- WHAT YOU WILL DO
Here is the task for the records below: repeat exactly the lines from the one with "Used 2018 INFINITI" to the one with "Building Photo - 16215 NE 18th Ct", both included, and nothing else.

- RECORDS PROVIDED
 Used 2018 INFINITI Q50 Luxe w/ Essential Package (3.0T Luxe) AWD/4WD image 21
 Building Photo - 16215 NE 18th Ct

---

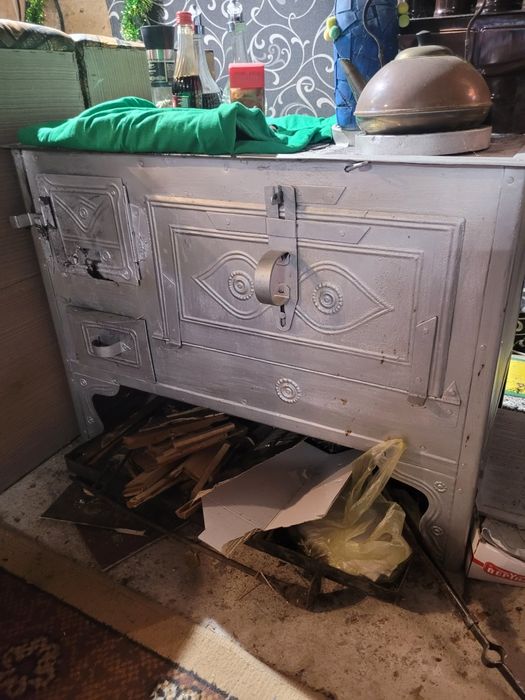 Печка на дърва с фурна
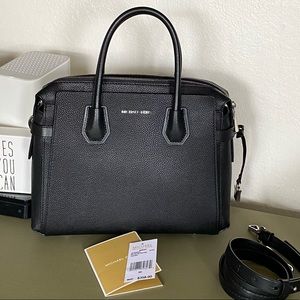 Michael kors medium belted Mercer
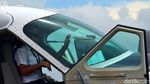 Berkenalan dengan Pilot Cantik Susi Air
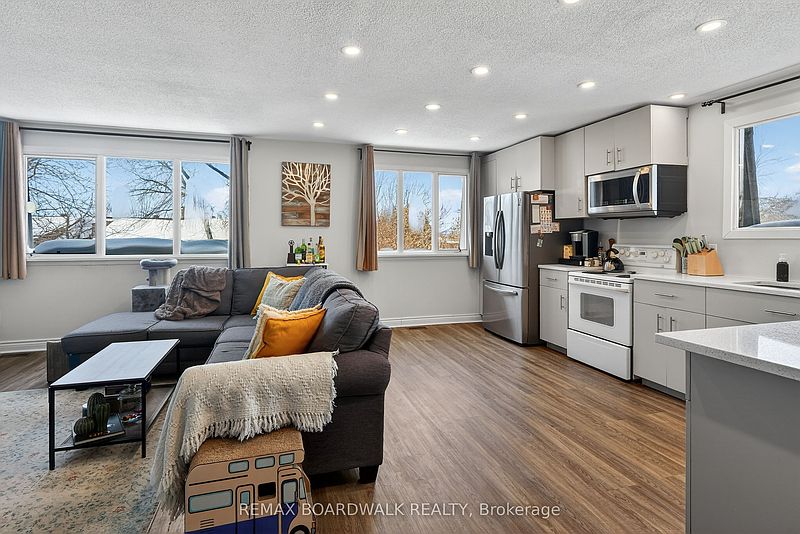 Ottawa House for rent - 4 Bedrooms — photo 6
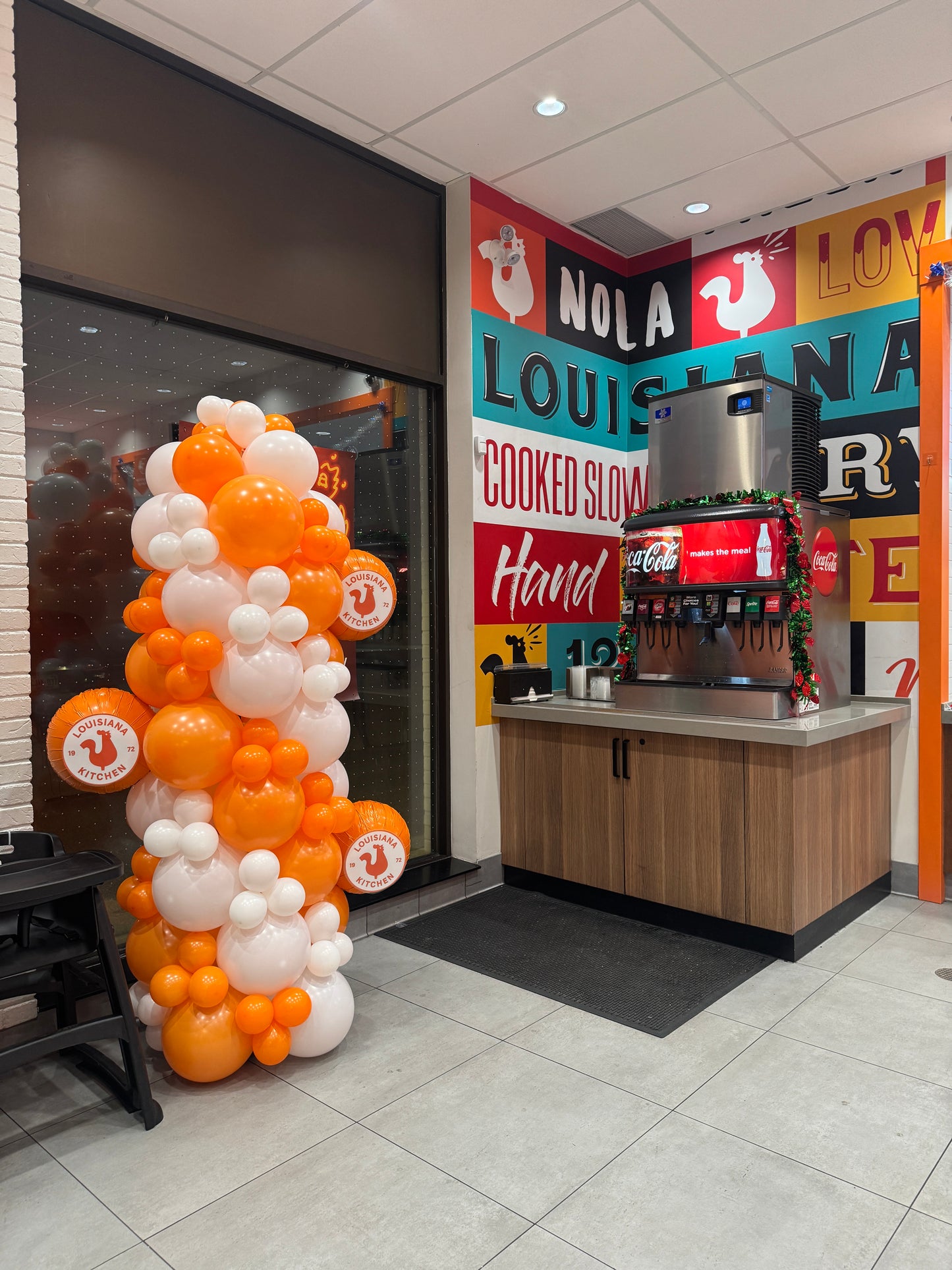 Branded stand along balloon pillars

--

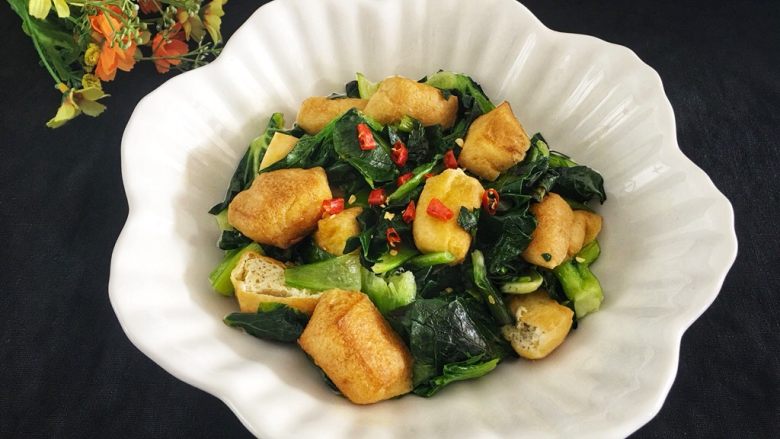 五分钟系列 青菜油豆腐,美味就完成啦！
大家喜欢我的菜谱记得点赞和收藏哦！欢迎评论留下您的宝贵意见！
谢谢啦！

- EXERCISE ANSWER
 Used 2018 INFINITI Q50 Luxe w/ Essential Package (3.0T Luxe) AWD/4WD image 21
 Building Photo - 16215 NE 18th Ct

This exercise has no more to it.